We fell for leaded lights and a stained glass window at the side. We adored red brick and a tall wooden fireplace with inlaid tiles.

You could imagine Clark Gable, svelte in a black and white evening suit, leaning an arm up against our high fireplace while cracking open his silver lighter and offering the beautiful Scarlett O’Hara a light.

Ha... imagination is overrated and tis far from that we were reared.

When the surveyors tried to pour icy cold water on our dreams, I stood firm.

New roof, lead pipes, gutted, they said.

“No way, I’m not gutted,” I replied.

“Gutted,” they said again.

And aren’t we all in the gutter, but some of us are looking at the stars, we said.

And so it came to pass that some of us were, literally, looking at the stars and eyeing up the odd starling who took on the attic like he and his chicks owned it... squatters’ rights.

It took us 22 years to replace the roof.

We had a boy to grow in that time – and we just kind of ignored the odd drip and the occasional glimpse of blue sky you got when shoving the Christmas decorations and the bags of unworn summer clothes into the loft.

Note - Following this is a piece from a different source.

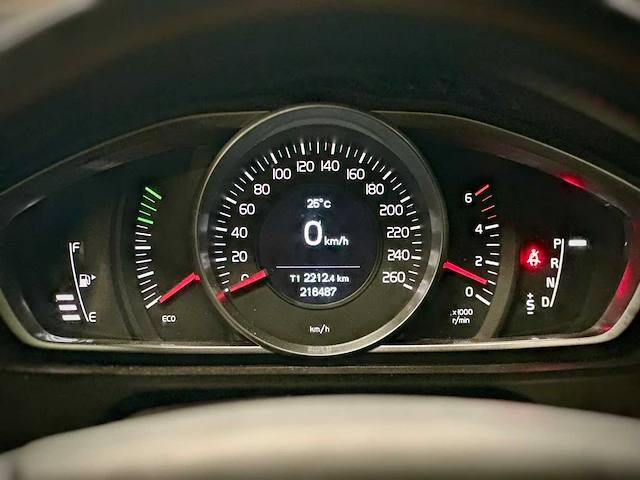Volvo v40 1.6 d2 momentum automaat; 1-xzd-87 - afbeelding 7 van  15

It was partly the price. New roofs do not come cheap and they do not afford a lot of tangible pleasure.

“You can’t drive it around and you can’t cook up a nice dinner it," I told my other half, thinking of my dream kitchen and my dream car.

“But you need your own roof and you need it watertight,” he replied.

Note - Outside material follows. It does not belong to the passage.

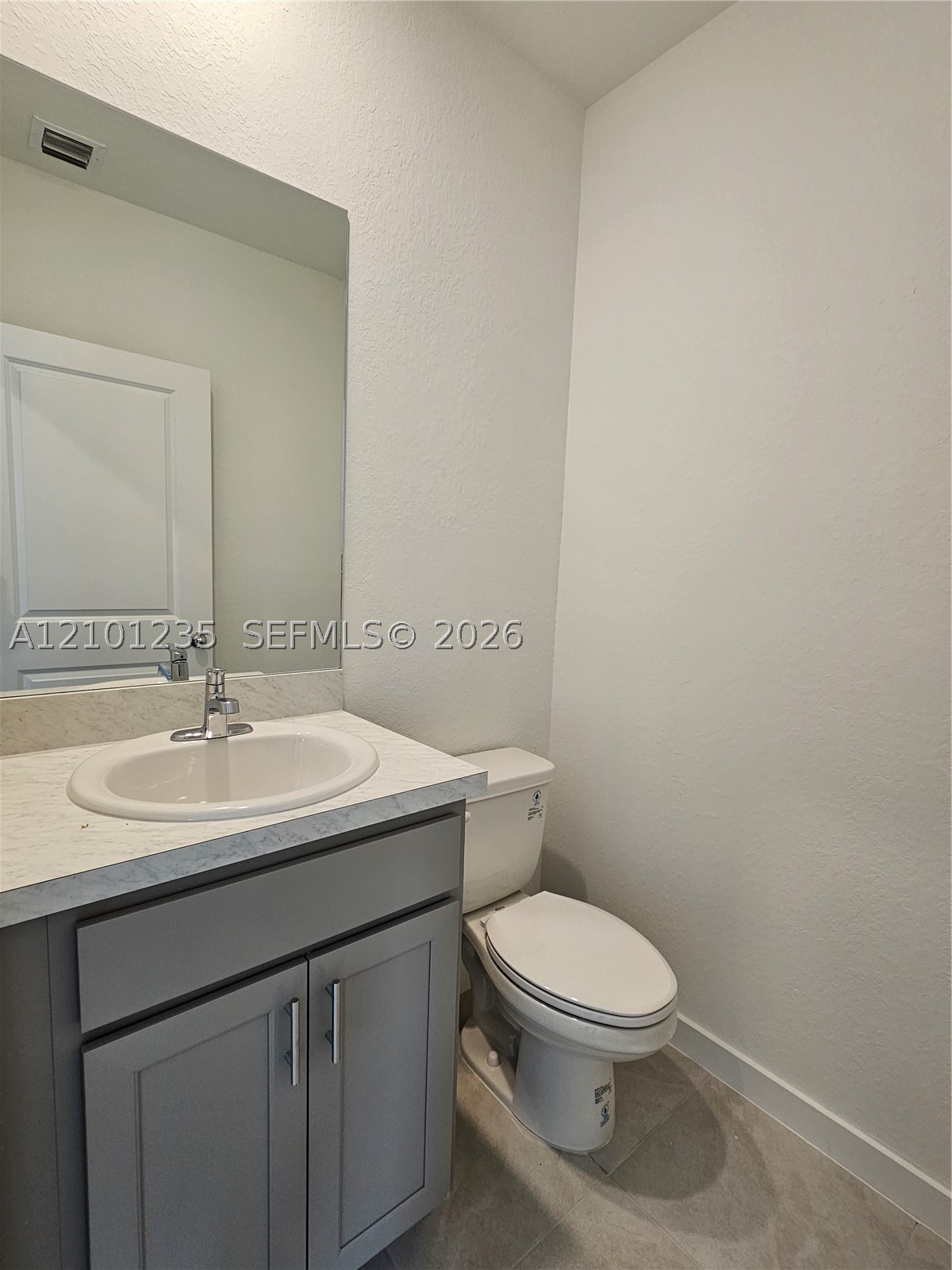 493 Ne 15th St Property Photo 7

We found magic roofers. They arrived at 7.30am, but were careful not to start hammering until 8am.

Forget the pesky dawn chorus – I like the slip slop of a roofer shifting tiles about my roof of a morning, as I lie nice and cosy in my scratcher.

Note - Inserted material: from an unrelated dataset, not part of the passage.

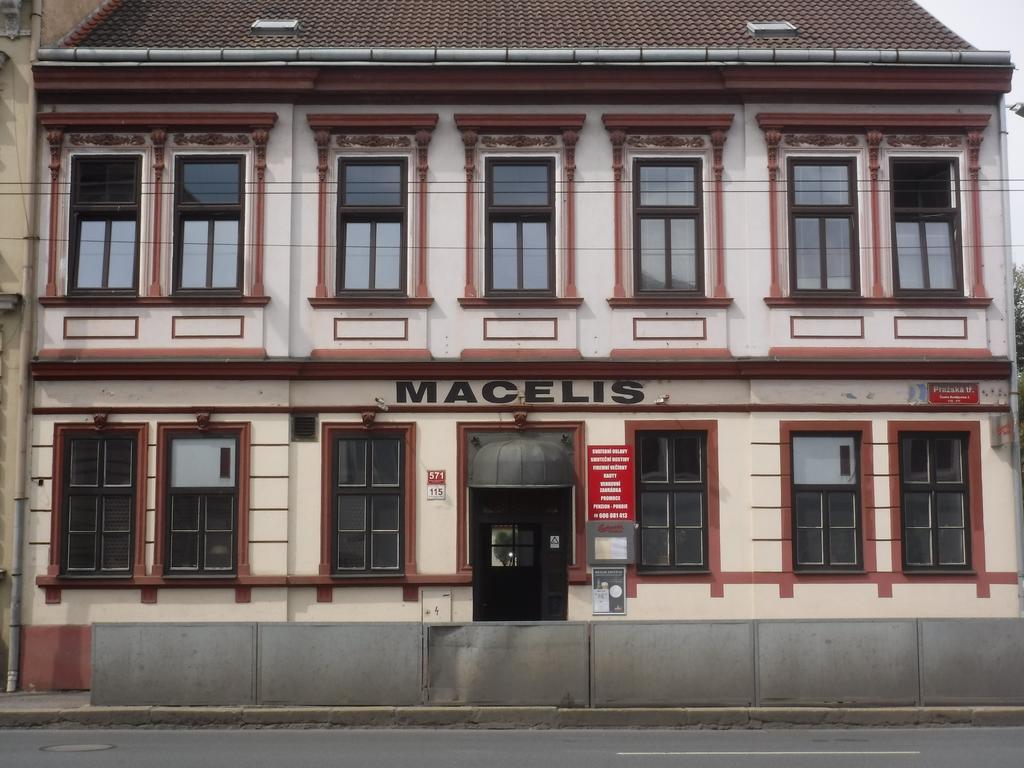 Pension Macelis เชสเกบูดิเยโจวิตเซ ภายนอก รูปภาพ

And they worked hell for leather, refusing all offers of cups of tea.

Bladders? They were the camels of the roofing trade.

“You got great roofers there,” said our neighbours.

The other roofers working down the road got friendly and they chatted to each other of a lunch break on the street.

In their kindness our roofers even managed to wheak out the huge galvanized water tank that had lain redundant in the attic space for the years since we managed to replace it.

That was about 10 years into our residency.

We worried about how they’d do that... but no job was impossible.

Then we worried about how to get rid of it.

“Don’t worry, somebody will spy it on the skip and take it away,” they said.

And verily it came to pass that somebody drove by in a van, stopped, picked it up.

We gave him the thumbs up.

“Well, it was on the skip,” said van man.

“Our pleasure, take it away,” we said.

And having handed over our earthly goods for spanking new rosemary tiles, I pull in at the corner of the street every day, to view our roof from afar as the evening sun sets on her.

Grasp the carp, seize your pleasures while you can. And the rewards of a new roof?

Now I can listen to a full rousing chorus of Raindrops Keep Fallin' On My Head without breaking out in a cold sweat.